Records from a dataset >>
━━━

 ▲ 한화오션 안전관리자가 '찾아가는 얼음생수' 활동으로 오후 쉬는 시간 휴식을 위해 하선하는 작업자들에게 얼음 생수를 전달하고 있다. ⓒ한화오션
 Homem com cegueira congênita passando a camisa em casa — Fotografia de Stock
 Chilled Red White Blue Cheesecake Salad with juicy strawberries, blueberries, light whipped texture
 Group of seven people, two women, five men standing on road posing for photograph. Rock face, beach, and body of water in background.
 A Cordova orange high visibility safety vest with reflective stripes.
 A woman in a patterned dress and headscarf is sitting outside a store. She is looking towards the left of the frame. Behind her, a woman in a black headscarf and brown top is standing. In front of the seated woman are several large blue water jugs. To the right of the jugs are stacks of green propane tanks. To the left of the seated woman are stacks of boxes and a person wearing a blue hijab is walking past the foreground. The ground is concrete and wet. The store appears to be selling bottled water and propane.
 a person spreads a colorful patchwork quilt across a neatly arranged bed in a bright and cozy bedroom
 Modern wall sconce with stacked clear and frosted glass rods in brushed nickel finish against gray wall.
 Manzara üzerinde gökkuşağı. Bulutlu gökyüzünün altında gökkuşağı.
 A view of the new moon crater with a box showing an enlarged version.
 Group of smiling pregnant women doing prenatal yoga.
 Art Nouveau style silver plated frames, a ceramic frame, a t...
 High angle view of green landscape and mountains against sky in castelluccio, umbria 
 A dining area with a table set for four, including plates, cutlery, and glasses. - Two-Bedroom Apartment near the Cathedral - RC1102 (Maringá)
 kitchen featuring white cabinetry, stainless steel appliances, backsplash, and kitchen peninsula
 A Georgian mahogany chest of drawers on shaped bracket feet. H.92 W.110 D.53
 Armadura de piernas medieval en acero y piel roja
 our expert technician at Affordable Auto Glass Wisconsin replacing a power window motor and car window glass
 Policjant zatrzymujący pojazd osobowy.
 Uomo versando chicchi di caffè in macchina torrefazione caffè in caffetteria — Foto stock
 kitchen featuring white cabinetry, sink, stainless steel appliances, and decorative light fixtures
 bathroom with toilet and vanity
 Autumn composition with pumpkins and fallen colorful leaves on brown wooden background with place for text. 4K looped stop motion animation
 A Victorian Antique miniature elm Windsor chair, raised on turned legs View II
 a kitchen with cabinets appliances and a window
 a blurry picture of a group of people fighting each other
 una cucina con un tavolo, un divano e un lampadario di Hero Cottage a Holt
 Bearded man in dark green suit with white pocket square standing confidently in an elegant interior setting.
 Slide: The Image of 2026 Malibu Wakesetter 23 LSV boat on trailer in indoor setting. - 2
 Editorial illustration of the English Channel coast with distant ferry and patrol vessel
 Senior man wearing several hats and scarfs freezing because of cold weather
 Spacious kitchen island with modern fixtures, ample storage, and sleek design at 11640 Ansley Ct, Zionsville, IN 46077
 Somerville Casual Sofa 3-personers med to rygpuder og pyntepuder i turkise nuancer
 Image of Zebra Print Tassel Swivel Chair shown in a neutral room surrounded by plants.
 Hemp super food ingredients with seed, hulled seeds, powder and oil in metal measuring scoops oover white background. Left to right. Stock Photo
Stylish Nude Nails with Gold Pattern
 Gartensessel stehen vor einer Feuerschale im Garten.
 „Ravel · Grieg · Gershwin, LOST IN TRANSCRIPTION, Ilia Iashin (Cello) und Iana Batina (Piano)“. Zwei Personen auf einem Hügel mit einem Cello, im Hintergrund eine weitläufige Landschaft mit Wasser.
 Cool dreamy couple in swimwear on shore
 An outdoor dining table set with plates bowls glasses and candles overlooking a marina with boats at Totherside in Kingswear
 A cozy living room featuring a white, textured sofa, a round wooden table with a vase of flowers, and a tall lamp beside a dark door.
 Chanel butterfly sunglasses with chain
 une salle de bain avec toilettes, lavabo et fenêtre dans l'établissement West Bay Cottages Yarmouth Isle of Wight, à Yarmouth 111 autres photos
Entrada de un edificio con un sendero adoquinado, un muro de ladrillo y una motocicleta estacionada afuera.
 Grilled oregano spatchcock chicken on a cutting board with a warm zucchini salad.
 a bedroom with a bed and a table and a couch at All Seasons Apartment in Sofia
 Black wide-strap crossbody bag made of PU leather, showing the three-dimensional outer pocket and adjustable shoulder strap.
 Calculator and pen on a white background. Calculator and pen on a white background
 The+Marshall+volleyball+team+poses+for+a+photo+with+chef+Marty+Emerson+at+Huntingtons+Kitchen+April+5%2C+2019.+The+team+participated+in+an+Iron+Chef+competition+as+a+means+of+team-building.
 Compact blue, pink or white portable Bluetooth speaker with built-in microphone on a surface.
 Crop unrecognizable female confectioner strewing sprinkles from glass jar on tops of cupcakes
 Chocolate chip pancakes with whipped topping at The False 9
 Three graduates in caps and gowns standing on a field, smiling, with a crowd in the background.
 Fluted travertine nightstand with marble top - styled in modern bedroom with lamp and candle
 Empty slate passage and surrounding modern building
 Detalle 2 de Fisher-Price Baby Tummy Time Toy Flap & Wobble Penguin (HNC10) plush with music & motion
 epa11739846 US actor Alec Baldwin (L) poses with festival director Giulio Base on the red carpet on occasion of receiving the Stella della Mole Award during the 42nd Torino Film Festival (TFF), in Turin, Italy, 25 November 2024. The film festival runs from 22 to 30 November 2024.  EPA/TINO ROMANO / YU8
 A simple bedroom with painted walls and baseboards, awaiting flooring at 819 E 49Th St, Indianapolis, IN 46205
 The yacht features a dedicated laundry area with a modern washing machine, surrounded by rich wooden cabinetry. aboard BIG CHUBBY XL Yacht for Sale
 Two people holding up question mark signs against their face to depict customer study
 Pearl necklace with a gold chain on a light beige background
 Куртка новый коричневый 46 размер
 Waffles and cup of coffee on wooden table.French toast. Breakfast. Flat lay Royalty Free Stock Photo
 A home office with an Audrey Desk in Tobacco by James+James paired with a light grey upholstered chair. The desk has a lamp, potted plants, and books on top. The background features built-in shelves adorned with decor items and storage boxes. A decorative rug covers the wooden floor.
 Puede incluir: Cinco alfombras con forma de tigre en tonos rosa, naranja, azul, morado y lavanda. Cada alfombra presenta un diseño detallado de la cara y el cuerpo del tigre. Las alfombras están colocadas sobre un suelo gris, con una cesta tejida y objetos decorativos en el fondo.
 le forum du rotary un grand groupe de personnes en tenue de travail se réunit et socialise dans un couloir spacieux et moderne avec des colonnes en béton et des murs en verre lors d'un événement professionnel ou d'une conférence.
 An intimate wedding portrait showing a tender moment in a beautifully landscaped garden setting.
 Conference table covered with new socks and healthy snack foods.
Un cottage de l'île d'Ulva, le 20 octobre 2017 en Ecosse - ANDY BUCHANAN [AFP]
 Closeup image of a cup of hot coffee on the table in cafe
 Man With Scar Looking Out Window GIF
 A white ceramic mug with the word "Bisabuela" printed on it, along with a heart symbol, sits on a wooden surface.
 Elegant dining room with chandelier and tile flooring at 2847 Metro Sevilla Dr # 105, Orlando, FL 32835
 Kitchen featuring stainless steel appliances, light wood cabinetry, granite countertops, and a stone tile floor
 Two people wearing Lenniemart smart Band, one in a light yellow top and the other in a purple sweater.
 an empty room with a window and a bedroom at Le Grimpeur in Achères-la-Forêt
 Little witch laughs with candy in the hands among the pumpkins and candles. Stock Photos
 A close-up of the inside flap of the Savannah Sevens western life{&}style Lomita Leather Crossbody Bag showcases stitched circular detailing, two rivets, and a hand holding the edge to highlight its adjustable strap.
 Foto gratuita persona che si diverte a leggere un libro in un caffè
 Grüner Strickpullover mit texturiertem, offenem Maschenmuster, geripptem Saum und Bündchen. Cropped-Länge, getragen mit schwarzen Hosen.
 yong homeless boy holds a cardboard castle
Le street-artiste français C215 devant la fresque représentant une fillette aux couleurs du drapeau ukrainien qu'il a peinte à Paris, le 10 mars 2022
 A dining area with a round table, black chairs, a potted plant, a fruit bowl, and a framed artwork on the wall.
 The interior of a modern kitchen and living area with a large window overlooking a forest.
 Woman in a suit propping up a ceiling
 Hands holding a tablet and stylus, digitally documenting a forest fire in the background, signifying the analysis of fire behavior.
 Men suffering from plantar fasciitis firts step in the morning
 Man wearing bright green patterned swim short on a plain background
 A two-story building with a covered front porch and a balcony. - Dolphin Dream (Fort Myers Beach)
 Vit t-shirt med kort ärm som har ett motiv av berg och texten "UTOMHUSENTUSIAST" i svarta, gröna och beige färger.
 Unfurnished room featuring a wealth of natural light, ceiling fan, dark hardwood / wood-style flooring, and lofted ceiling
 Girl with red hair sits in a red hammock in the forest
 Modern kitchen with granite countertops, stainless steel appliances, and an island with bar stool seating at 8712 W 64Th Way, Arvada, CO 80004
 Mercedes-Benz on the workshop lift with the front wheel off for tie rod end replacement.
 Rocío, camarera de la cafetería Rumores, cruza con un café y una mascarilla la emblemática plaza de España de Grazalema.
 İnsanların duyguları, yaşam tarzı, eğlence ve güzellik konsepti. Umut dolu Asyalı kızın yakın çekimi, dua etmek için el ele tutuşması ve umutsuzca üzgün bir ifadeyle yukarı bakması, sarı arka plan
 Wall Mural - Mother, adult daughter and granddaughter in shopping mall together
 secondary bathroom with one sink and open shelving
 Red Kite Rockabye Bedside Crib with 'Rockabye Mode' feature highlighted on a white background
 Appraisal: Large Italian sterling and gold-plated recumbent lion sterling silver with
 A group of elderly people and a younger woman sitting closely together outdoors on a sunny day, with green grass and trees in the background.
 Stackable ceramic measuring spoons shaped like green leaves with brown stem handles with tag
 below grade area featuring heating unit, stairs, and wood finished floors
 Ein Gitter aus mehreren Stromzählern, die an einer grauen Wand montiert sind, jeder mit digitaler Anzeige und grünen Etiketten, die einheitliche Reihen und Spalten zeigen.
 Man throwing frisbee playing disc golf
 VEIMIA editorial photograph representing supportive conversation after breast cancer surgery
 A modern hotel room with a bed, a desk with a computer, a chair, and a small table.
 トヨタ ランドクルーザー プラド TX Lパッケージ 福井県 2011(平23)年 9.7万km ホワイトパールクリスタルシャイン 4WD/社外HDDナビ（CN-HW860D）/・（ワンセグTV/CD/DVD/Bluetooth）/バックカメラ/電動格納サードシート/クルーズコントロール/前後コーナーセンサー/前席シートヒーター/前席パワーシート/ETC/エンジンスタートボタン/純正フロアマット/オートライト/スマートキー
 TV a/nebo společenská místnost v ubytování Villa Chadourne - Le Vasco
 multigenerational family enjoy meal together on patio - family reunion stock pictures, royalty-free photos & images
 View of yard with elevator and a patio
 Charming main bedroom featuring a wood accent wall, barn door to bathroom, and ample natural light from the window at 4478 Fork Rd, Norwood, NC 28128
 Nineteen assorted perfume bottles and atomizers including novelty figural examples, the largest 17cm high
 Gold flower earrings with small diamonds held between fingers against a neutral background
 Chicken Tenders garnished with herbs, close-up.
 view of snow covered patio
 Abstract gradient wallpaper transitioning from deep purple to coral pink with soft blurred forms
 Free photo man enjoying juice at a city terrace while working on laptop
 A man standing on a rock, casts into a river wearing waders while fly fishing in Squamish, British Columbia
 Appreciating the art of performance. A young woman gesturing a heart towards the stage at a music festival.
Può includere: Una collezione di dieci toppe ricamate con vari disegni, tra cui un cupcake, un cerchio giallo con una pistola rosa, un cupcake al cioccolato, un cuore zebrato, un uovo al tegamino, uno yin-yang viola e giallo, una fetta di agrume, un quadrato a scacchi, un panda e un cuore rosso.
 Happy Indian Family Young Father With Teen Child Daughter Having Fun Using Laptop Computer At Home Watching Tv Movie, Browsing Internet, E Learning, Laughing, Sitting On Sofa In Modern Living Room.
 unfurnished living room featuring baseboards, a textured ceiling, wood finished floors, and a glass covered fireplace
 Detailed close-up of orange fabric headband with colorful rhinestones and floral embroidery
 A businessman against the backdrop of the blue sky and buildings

━━━

Try it >> Print the lines above from the one with "une salle de" through the one with "Detalle 2 de", both included, exactly as written and nothing more.

Answer to the problem >>
 une salle de bain avec toilettes, lavabo et fenêtre dans l'établissement West Bay Cottages Yarmouth Isle of Wight, à Yarmouth 111 autres photos
Entrada de un edificio con un sendero adoquinado, un muro de ladrillo y una motocicleta estacionada afuera.
 Grilled oregano spatchcock chicken on a cutting board with a warm zucchini salad.
 a bedroom with a bed and a table and a couch at All Seasons Apartment in Sofia
 Black wide-strap crossbody bag made of PU leather, showing the three-dimensional outer pocket and adjustable shoulder strap.
 Calculator and pen on a white background. Calculator and pen on a white background
 The+Marshall+volleyball+team+poses+for+a+photo+with+chef+Marty+Emerson+at+Huntingtons+Kitchen+April+5%2C+2019.+The+team+participated+in+an+Iron+Chef+competition+as+a+means+of+team-building.
 Compact blue, pink or white portable Bluetooth speaker with built-in microphone on a surface.
 Crop unrecognizable female confectioner strewing sprinkles from glass jar on tops of cupcakes
 Chocolate chip pancakes with whipped topping at The False 9
 Three graduates in caps and gowns standing on a field, smiling, with a crowd in the background.
 Fluted travertine nightstand with marble top - styled in modern bedroom with lamp and candle
 Empty slate passage and surrounding modern building
 Detalle 2 de Fisher-Price Baby Tummy Time Toy Flap & Wobble Penguin (HNC10) plush with music & motion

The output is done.